The restaurant specializes in the Central Texas style, where brisket seasoned simply with salt and pepper, smoked low and slow over mesquite and coast oak wood, rules. Key to the experience at BBQ2U is a commitment to that authenticity, said Parker, from his approach — honed through decades of home cooking, pilgrimages to cherished destinations across the South and conversations with pitmasters — to the ordering queue.
Parker also has strived to support community groups, hosting a featured author every month for book sales and signings, painting classes and free bingo every Tuesday.
BBQ2U snagged 174 tallies, which might not sound like a lot, but more than 1,000 votes came in, splitting the ticket.
An early lead slipped away from the runner-up, Brank’s BBQ and Catering in Sumner.
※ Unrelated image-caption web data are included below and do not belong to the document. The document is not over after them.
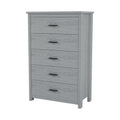 Retro American Country Style Wooden Dresser With 5 Drawer, Storage Cabinet For Bedroom, Light Gray Light Gray Particle Board Mdf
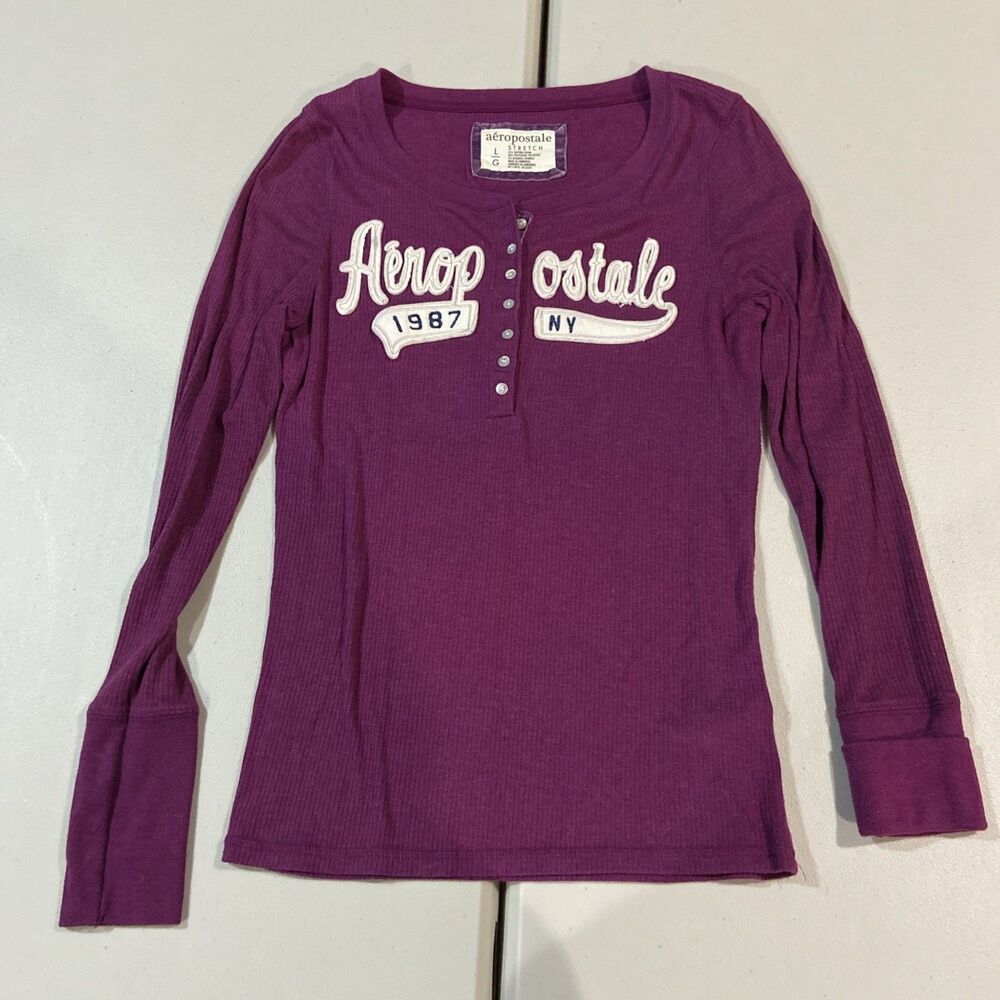 Vintage Y2K Aeropostale Plum Henley Top T Shirt Babydoll Size Large Bella Swan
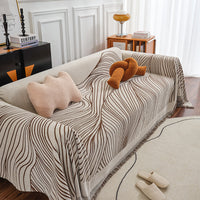 HKM-583827 Chenille Line Sofa Cover with Tassel Blanket for Home Décor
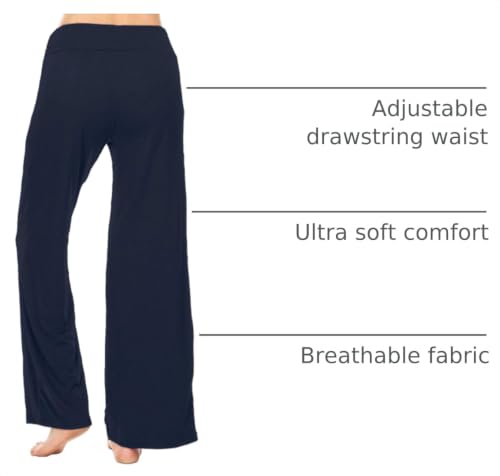 Image of Leggings Depot Women's Wide Leg Drawstring Pajama Pants for Lounge, Sleep | Soft, Breathable Poly-Span, Drawstring Waist, Comfy, Casual, Yoga, Everyday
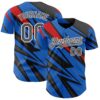 Custom Black Steel Gray White Blue-Red Car Racing Formula Auto Motorsport Authentic Baseball Jersey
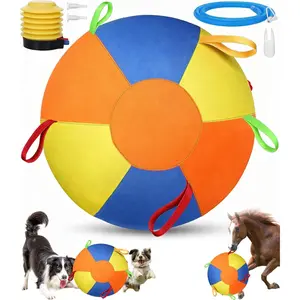 Herding Ball for Dogs, 22in Dog Training Ball with Handle for Outdoor Play, Durable Training Toy Ball for Australian Shepherd, Border Collie, Cattle Dog, Large Breed, Ideal for Herding Dog Exercise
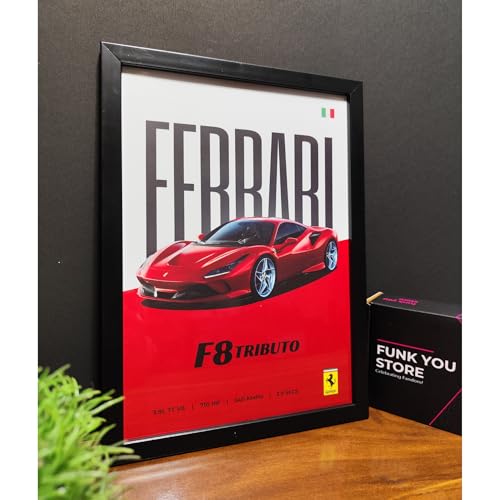 Image of Funk You Store Ferrari Poster | Framed Ferrari F8 Tributo A4 Sized (31 x 23 cm) | Supercar Posters | Car Poster for Wall, Gift for Boys | Car Frames for Wall, Bedroom, Hostel, Study Room (F 012)
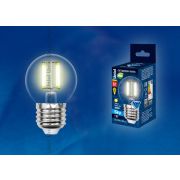 Лампа Uniel SKY Filament LED-G45-6W-3000K-E27-CL шар теплый свет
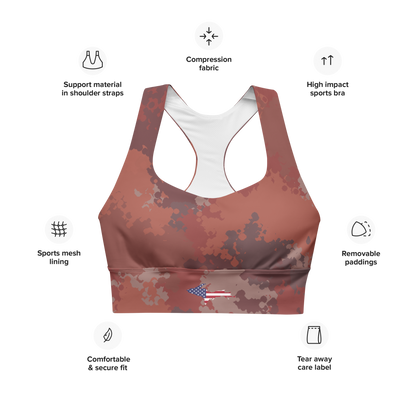 Michigan Upper Peninsula Longline Sports Bra (w/ UP USA Flag) | Ore Dock Camo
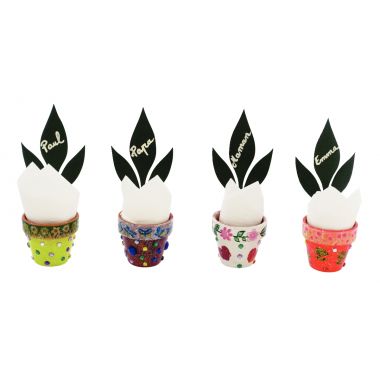 Lot de 10 pots en terre cuite, hauteur 4 cm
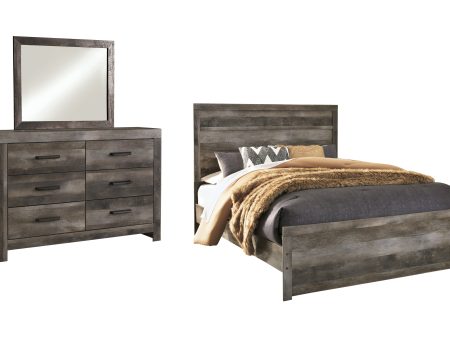 Wynnlow Queen Panel Bed with Mirrored Dresser in Gray Online Hot Sale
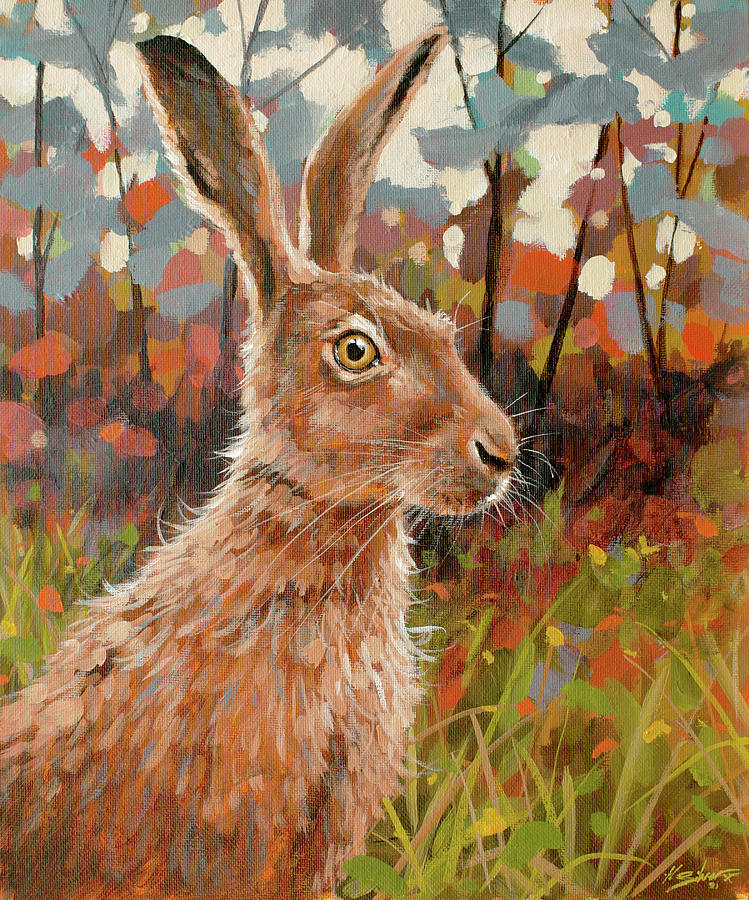 Hare portrait W720 Painting by John Silver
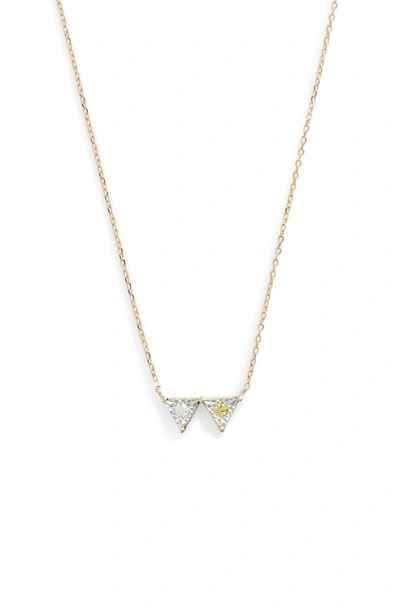 Shop Dana Rebecca Designs Double Triangle Diamond & Stone Necklace In Yellow Gold/ Yellow Sapphire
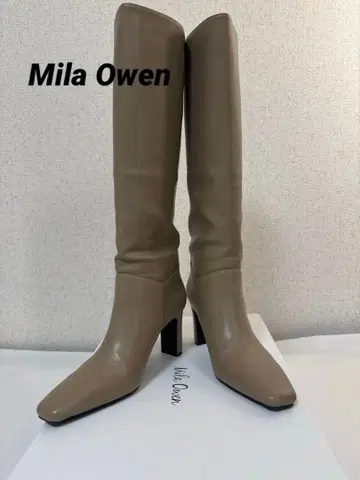 [ 새상품급 ] Mila Owen 프렌치 스퀘어 롱 부츠 38 베이지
The family-owned and operated restaurant fell short by just three votes, ending with a total of 171 or about 16 percent.
Not far behind, with 15 percent or 158 tallies, was another Central Texas-style choice, also from a fellow native Texan and ex-tech (Boeing): Jack’s BBQ. From its original restaurant in South Seattle, Jack’s expanded to Algona in 2020 and this year to Lakewood.
In fourth place, My 4 Sons BBQ in Midland was the only other restaurant to hit above 100, garnering 141 tallies.
Rounding out the Top 5, Opal Lounge in South Tacoma landed 70 votes.
Other top vote-getters included Bob’s Bar-B-Q Pit in Hilltop, BBQ Pete’s, Warthog Barbecue Pit and Brimstone PNW Smokehouse, also in Gig Harbor.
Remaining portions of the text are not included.